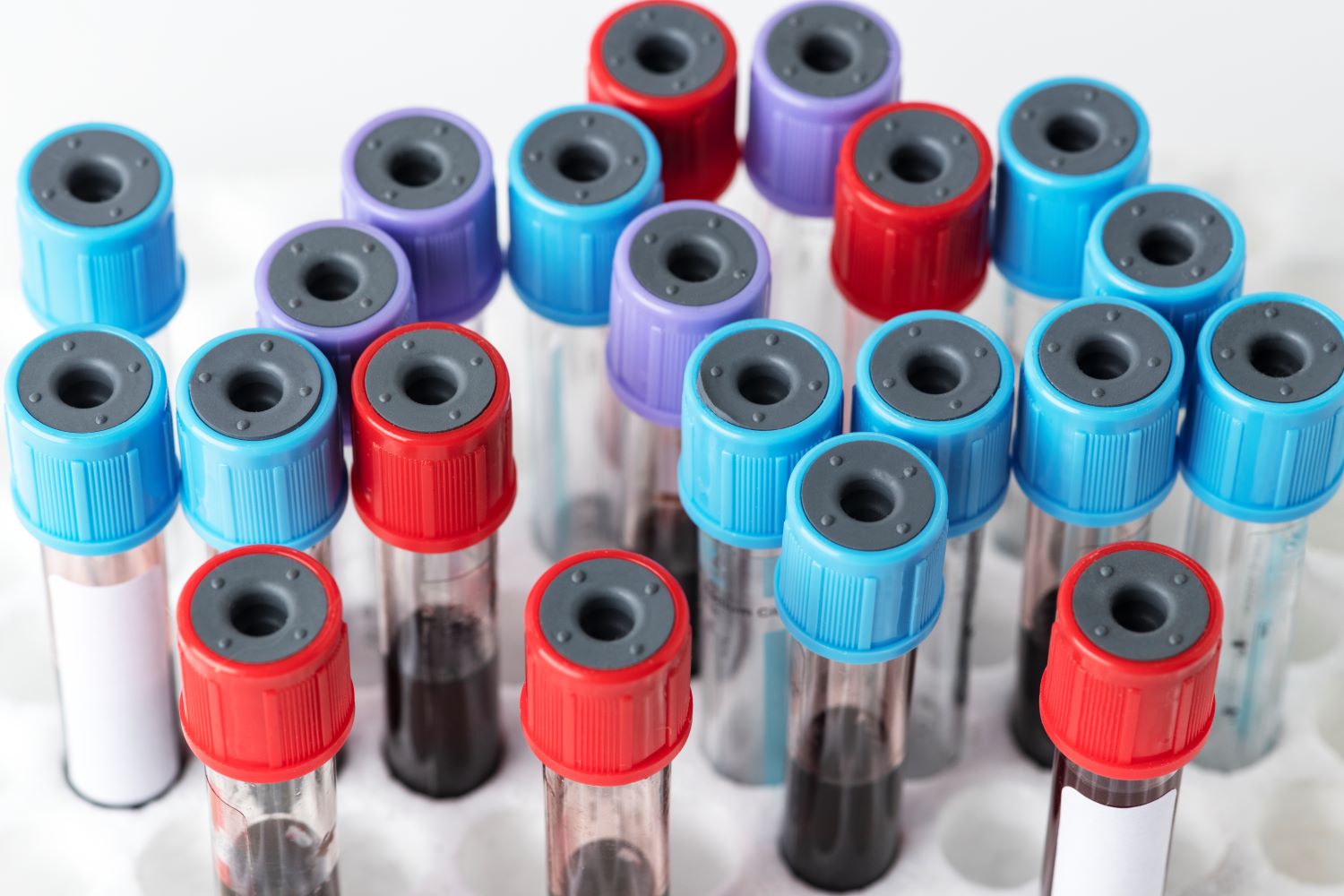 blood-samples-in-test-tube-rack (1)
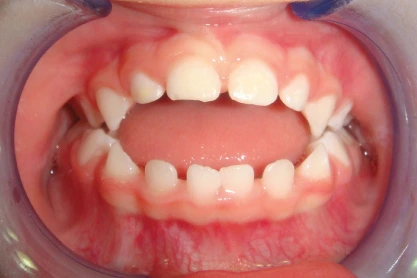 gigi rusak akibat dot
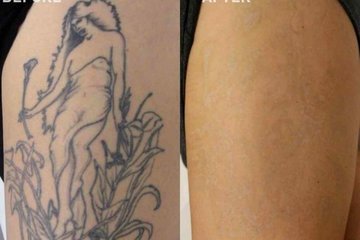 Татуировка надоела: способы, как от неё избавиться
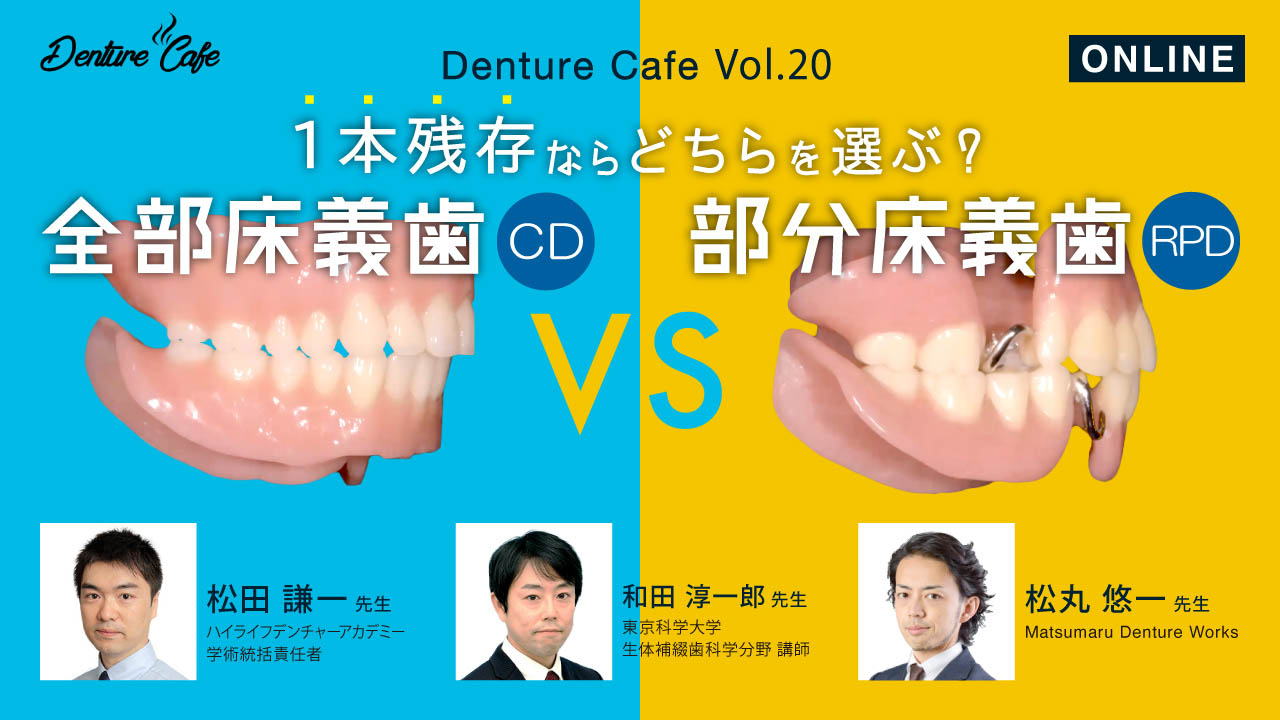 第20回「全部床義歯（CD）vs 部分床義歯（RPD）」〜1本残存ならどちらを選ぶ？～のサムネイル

[WORK INSTRUCTION] Every line above gets copied exactly; none of the pictures do.

[SOLUTION]
 blood-samples-in-test-tube-rack (1)
 gigi rusak akibat dot
 Татуировка надоела: способы, как от неё избавиться
 第20回「全部床義歯（CD）vs 部分床義歯（RPD）」〜1本残存ならどちらを選ぶ？～のサムネイル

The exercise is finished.